在实际演练之前还有一个必用的套路需要介绍,在求标量对矩阵/向量的导数的时候非常有用,叫迹技巧。后面通过小demo就知道它为什么是必要的了。这里先列举出迹的一些性质(全部都很有用):
- 标量的迹等于自己:$tr\left( x \right) = x$
- 转置不变性:$tr\left( \boldsymbol{A}^{T} \right) = tr\left( \boldsymbol{A} \right)$
- 轮换不变性:$tr\left( {\boldsymbol{A}\boldsymbol{B}} \right) = tr\left( {\boldsymbol{B}\boldsymbol{A}} \right)$,其中 与 尺寸相同(这个是显然的,否则维度不相容)。两侧都等于$\sum\limits_{i,j}{\boldsymbol{A}_{ij}\boldsymbol{B}_{ij}}$
- 加减法:$tr\left( {\boldsymbol{A} \pm \boldsymbol{B}} \right) = tr\left( \boldsymbol{A} \pm \boldsymbol{B} \right)$
- 矩阵乘法和迹交换:$tr\left( {\left( {\boldsymbol{A}\bigodot\boldsymbol{B}} \right)^{T}\boldsymbol{C}} \right) = tr\left( {\boldsymbol{A}^{T}\left( {\boldsymbol{B}\bigodot\boldsymbol{C}} \right)} \right)$,需要满足 同维度。两侧都等于${\sum\limits_{i,j}{\boldsymbol{A}_{ij}\boldsymbol{B}_{ij}}}\boldsymbol{C}_{ij}$。

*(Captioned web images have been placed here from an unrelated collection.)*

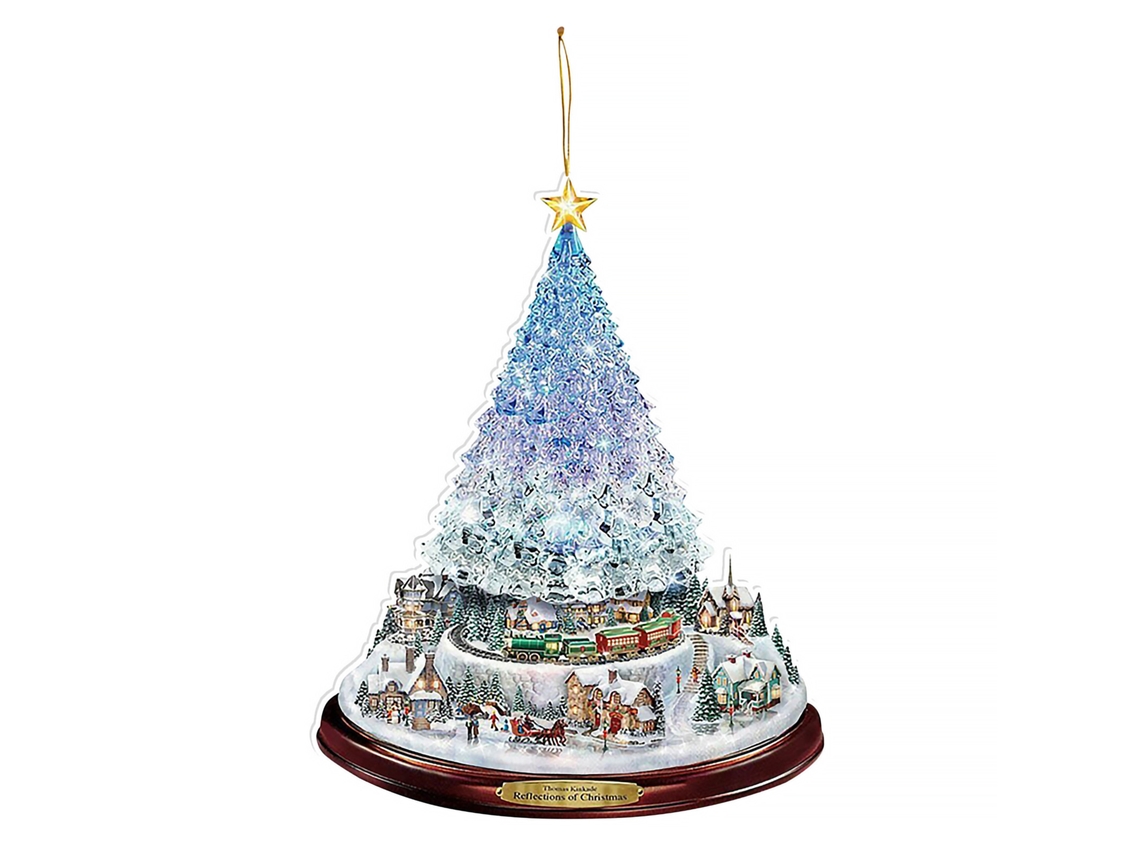 Laxiscreed Luminária Led De Resina Para Decoração Natal E Árvores De Festas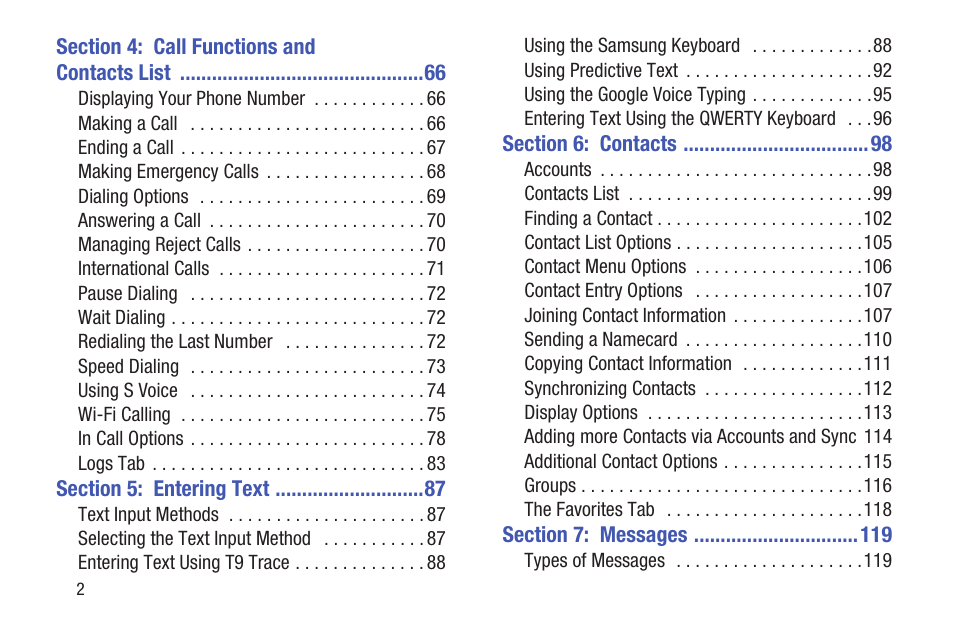 Samsung SGH-T699DABTMB User Manual | Page 8 / 344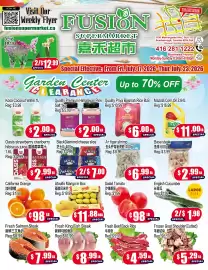 Fusion Supermarket flyer week 29 Page 1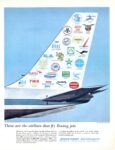 1963 These are the airlines that fly Boeing jets. Boeing Jetliners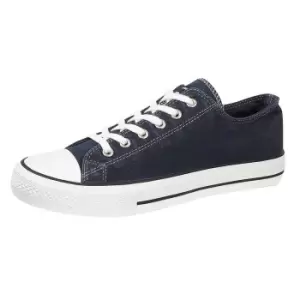 Dek Mens Canvas Plimsolls (4 UK) (Navy)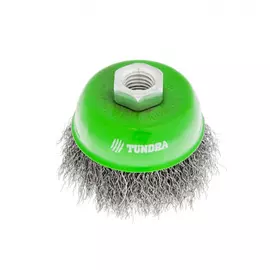 Металлическая щетка-чашка для УШМ ТУНДРА 1032340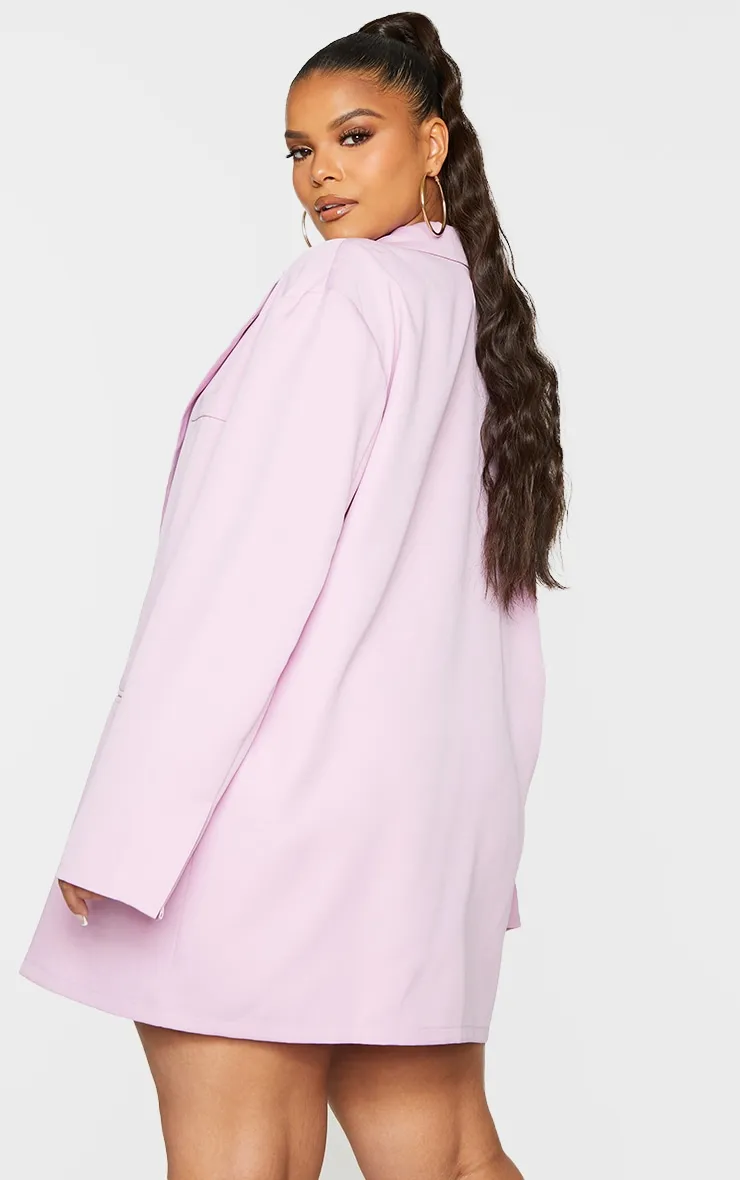 Plus Lilac Relaxed Oversized Blazer sold by Pretty Little Thing product image thumbnail 2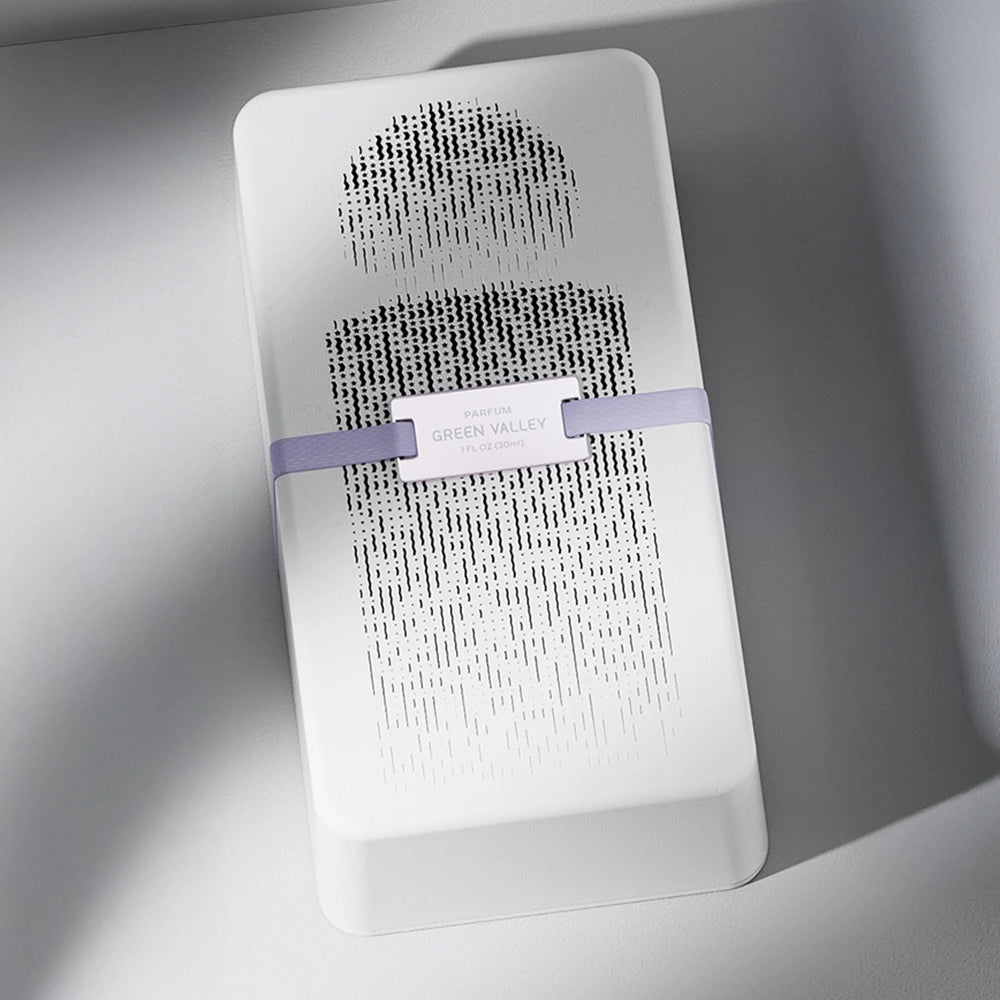 Gradient Halftone Dot Wave Pattern Molded Pulp Perfume Box - Otarapack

标量对矩阵/向量的求导技巧总结:若标量函数$f$是矩阵$\boldsymbol{X}$经加减乘法、逆、行列式、逐元素函数等运算构成,则使用相应的运算法则对$f$求微分,再使用迹技巧给$df$套上迹并将其它项交换至$d\boldsymbol{X}$左侧,对照导数与微分的联系$df = tr\left( {\left( \frac{\partial f}{\partial\boldsymbol{X}} \right)^{T}d\boldsymbol{X}} \right)$,即可得到导数。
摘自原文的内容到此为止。